This is a partial proof for the famous odd perfect number conjecture .
Consider any number N = pa1 * pa2 * ... pak . ( Note a1,...ak are the indices for prime numbers , Actually N can be of the form pa1^r1 * pa2^ r2 *.... pak^rk . However i am interested only in those numbers which can be expressed as N = pa1 * pa2 * ... pak ) . Thus the factors would be 1,pa1 , pa2 , .. pak , pa1*pa2,.. pa1*pak, pa2*pa3 ,.. Similarly taken three at a time and so on till taken all at a time.
A number is perfect if all the factors expect the one taken all at a time i.e N ( or all the prime factors taken all at a time ) should be equal to N.
If the above statement is not clear then let me explain it with a number which has just three factors i.e. N =pa*pb*pc.
Then N is perfect if 1+ pa+pb+pc+ pa*pb + pb*pc + pa*pc = pa*pb*pc.
i.e 1/ pa*pb*pc + 1/ pb*pc + 1/ pa*pc + 1/pa*pb + 1/pa + 1/pb + 1/pc =1.
i.e (pa+1)* (pb+1) * ( pc +1) / pa *pb*pc =2 . ( This is just rearrangement of the above equation).
The similar thing can be expanded for k prime factors also.
Thus we have (pa1 + 1)* ( pa2 +1) *..... *( pak +1) / pa1*pa2*... *pak = 2.
I have written pa1, pa2 ,.. pak in ascending order .
Thus if N is odd then none of the pak's = 2.

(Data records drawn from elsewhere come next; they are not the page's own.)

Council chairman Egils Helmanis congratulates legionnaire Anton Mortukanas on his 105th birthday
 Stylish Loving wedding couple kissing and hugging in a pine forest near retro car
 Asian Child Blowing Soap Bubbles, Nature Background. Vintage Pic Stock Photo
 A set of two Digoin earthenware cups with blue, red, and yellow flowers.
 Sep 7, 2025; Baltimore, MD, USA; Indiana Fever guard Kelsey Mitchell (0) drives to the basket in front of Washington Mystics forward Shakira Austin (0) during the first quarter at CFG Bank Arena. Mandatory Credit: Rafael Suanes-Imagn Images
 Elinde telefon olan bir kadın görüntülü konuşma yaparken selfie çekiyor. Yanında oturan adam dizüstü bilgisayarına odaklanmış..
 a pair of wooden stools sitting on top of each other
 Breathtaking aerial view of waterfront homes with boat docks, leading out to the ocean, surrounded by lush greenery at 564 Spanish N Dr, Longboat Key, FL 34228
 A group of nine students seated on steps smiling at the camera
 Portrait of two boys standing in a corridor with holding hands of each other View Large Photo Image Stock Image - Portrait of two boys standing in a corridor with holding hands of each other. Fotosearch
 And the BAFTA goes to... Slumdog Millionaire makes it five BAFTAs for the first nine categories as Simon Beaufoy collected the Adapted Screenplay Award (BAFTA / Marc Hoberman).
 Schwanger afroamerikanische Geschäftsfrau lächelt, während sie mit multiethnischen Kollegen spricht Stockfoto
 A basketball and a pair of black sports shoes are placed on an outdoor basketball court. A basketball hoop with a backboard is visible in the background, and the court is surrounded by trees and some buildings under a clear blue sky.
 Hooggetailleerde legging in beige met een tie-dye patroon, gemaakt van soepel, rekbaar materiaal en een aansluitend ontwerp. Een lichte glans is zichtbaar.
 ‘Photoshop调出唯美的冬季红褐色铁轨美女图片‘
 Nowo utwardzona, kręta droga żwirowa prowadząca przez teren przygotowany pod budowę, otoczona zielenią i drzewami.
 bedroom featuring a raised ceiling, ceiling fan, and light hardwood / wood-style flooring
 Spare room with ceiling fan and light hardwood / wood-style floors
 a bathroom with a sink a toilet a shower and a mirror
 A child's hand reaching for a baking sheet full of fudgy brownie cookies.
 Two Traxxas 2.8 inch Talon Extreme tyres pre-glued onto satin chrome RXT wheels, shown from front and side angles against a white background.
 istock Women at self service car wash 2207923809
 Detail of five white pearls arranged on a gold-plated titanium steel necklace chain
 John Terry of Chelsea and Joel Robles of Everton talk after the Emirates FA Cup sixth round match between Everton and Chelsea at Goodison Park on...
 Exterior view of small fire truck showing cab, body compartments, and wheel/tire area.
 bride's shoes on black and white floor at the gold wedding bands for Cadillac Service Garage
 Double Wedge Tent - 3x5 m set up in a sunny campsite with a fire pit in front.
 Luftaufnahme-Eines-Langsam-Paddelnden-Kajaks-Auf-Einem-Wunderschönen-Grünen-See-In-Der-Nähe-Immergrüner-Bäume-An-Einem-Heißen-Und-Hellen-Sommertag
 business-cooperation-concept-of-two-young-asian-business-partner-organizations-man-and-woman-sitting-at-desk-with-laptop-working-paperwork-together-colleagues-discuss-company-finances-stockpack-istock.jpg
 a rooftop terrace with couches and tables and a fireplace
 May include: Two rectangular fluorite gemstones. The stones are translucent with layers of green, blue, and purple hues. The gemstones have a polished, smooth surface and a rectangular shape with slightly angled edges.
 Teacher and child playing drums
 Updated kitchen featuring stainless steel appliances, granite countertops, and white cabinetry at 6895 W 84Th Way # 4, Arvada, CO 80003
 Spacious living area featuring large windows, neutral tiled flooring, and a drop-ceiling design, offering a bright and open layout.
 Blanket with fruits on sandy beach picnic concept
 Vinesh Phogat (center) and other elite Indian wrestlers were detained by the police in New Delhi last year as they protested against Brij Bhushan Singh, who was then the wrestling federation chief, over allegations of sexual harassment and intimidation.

Also all the number in the numerator can be can be expressed as 2^k * pbk . It is trivial that pbk < pak.
(Note if pa1 is 3 . then it becomes 2^2 * 1 . No pbk term this is an exception).
We note that there is no term in the numerator which will cancel pak( largest prime number) . Thus the ratio is never an integer thus it is not equal to 2 also . Hence there doesn't exist any odd perfect number N = pa1 * pa2 * ... pak .